§ Exercise details
Copy exactly the lines of the records below, and only those lines, beginning with the line that contains "Earrings Chanel Clip: Earrings" and ending with the line that contains "Telmex distinguió el".

§ Data for processing
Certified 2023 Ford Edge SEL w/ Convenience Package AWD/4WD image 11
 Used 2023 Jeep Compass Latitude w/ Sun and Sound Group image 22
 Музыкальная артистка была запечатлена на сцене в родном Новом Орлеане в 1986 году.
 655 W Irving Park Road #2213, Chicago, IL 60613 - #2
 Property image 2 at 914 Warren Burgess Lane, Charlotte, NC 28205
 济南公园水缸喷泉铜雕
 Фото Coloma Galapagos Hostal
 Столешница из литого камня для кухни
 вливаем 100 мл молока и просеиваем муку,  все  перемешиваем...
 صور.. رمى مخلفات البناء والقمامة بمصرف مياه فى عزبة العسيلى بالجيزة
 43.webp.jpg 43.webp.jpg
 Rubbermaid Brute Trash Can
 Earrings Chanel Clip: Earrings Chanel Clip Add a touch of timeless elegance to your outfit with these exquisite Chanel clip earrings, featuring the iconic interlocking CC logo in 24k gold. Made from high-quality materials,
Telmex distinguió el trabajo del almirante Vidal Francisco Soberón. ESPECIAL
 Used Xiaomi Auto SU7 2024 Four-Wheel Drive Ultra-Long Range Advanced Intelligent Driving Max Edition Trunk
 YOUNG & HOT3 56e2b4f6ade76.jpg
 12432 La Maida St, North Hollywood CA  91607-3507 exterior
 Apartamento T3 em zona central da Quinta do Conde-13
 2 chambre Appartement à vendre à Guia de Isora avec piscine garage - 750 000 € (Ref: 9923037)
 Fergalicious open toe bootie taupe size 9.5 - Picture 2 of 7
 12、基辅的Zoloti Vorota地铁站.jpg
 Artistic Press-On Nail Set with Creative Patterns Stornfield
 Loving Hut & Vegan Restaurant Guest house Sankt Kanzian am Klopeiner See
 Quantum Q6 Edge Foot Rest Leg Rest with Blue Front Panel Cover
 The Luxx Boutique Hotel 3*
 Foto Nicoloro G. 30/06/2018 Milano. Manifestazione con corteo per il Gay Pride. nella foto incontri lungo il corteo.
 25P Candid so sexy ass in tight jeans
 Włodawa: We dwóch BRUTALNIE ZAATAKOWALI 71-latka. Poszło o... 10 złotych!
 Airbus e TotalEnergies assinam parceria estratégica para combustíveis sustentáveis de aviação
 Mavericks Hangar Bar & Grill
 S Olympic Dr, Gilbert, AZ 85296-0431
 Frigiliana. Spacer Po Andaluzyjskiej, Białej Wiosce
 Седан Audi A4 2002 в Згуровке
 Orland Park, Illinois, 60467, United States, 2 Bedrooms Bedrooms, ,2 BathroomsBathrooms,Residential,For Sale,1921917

§ Solution to the problem
 Earrings Chanel Clip: Earrings Chanel Clip Add a touch of timeless elegance to your outfit with these exquisite Chanel clip earrings, featuring the iconic interlocking CC logo in 24k gold. Made from high-quality materials,
Telmex distinguió el trabajo del almirante Vidal Francisco Soberón. ESPECIAL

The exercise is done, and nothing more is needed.